Dingle Stadt liegt etwa 30 Kilometer westlich von Tralee und ist mit Auto und Bus relativ gut erreichbar. Es gibt zahlreiche B&B's, Restaurants, Trödelläden und was man sonst noch so in einer der Hochburgen des Tourismus erwarten würde. Der Ort ist trotzdem oder gerade deswegen relativ pittoresk. Der Hafen hält was er verspricht und genau hier treffen wir das erste Mal auf das Phänomen Fungi.

Dingle Stadt
Dingle Stadt gilt als relativ pittoresk
Wrack Dingle
Fast wie in Szene gesetzt ein Wrack im Hafen von Dingle

Wer sich bis dahin nur gewundert hat, warum der Ort ganz im Zeichen von Delfinen zu stehen scheint, wird nun erleuchtet. Seit 1984 treibt sich in der Bucht von Dingle ein Delfin rum, besagter Fungi. Er hat sich zu der Touristenattraktion schlechthin entwickelt, die geschätzt Hälfte der lokalen Wirtschaft basiert mehr oder weniger direkt auf der Präsenz dieses Delfins. So bieten die Fischer Touren an, wo man für schlappe 15 Euro pro Person, Fungi sehen kann, von dem ganzen Trödel in Delfinform reden wir schon eimal gar nicht. Fungi ist ein lokaler Held, wenn auch mittlerweile ein schon recht betagter.

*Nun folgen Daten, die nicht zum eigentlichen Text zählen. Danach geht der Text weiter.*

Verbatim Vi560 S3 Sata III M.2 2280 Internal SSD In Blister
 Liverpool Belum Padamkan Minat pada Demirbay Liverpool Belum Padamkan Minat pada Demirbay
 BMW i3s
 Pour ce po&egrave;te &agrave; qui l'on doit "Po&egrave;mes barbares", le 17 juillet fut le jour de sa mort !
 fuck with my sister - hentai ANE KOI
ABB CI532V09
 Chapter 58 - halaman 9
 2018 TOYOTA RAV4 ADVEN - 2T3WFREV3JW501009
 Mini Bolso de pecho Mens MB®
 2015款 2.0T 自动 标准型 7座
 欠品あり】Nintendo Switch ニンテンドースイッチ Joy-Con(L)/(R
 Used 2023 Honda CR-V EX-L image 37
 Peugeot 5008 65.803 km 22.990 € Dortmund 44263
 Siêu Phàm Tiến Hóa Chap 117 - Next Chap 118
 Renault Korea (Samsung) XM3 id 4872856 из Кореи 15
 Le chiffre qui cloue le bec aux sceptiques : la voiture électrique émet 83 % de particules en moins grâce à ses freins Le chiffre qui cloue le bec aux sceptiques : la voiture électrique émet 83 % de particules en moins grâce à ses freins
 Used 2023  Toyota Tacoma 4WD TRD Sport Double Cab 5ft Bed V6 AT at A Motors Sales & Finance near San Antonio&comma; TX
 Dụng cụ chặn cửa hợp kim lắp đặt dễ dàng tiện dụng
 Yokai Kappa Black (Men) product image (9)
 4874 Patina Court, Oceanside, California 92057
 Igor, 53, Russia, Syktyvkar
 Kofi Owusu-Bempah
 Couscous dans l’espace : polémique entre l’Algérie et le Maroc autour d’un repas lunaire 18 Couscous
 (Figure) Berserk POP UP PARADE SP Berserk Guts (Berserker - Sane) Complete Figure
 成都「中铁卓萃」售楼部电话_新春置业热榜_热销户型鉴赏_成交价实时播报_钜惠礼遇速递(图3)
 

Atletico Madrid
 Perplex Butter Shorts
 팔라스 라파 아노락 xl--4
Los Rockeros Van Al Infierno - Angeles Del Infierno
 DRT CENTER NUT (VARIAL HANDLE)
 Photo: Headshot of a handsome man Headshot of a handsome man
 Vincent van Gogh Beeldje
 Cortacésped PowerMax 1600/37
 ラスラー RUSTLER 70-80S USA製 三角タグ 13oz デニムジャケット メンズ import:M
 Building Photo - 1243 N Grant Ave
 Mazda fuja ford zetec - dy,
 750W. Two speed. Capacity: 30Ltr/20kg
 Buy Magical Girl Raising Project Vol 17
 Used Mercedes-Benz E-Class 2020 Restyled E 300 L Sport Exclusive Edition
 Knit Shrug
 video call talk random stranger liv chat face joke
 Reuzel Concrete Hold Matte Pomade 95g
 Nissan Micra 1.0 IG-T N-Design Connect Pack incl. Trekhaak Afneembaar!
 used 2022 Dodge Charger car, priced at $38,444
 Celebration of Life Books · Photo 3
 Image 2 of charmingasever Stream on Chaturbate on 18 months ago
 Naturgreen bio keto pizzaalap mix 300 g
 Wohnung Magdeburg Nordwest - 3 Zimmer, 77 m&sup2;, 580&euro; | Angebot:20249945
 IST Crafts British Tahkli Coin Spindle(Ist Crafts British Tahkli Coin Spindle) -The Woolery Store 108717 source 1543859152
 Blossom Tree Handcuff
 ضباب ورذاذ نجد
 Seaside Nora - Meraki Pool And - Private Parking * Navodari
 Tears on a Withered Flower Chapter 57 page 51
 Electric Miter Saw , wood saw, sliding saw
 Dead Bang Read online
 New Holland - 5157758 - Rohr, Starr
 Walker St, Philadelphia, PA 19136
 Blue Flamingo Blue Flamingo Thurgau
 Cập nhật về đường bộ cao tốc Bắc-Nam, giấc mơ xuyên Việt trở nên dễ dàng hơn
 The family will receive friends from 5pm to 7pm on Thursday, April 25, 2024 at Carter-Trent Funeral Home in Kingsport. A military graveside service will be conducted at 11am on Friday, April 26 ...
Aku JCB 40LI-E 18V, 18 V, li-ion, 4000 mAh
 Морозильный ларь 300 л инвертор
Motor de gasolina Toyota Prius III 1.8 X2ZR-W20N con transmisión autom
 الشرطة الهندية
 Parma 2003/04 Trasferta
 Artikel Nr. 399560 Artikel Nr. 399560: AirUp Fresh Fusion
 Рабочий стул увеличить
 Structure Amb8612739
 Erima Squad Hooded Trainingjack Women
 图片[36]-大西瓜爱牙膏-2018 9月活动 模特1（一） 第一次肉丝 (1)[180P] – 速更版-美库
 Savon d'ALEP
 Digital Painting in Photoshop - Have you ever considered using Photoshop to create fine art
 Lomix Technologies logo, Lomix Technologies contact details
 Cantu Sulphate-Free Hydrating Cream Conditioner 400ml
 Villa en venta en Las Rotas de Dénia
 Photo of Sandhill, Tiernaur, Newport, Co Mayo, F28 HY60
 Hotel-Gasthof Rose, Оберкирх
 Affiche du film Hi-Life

Ein Freund hat mir eine - zumindest im übertragenen Sinne - schöne Fungi-Geschichte erzählt. Ich weiß natürlich nicht, ob sie wahr ist, zutrauen würde ich es ihm aber. Im Rahmen eines ich glaube Schulprojektes statteten er und sein Kumpel der Stadt einen Besuch ab. Dabei kamen Sie auf die glorreiche Idee, ein kleines Experiment zu versuchen. Es sollte einer dieser Feldversuche werden, wie wir sie aus "Die Welle" kennen, wo die Hälfte der Schüler plötzlich Aufseher und die andere Gefangene waren. Man wollte also die Reaktion von Menschen in einer Extremsituation beobachten. Klingt nicht schlecht soweit, ich weiß.

Sein Kumpel positionierte sich also mit einer Kamera in einer der örtlichen Schänken, dann kam S. Er hatte sich in eine Art Kapitän Ahab Outfit geworfen und trug einen gewaltigen Dreizack bei sich. Als er in das Lokal trat, rief er: "I'm here for Fungi", also mehr oder weniger, dass er beabsichtige, den Delfin zu jagen. Die Reaktion der Einheimischen kann man sich ausmalen und ich frage mich bis heute a) wie er da lebend rausgekommen ist und b) wie bekloppt man eigentlich sein kann. Nun ja, sollte nur der Illustration dienen.

Tatsächlich ist es so, dass uns Fungi suspekt ist. Schließlich sind Delfine sehr gesellige Tiere. Offensichtlich muss Fungi also ein ziemlich unartiges Kind gewesen sein, dass ihn seine Horde schon in zartem Alter verstieß. Was genau er angestellt hat, werden wir natürlich nie erfahren.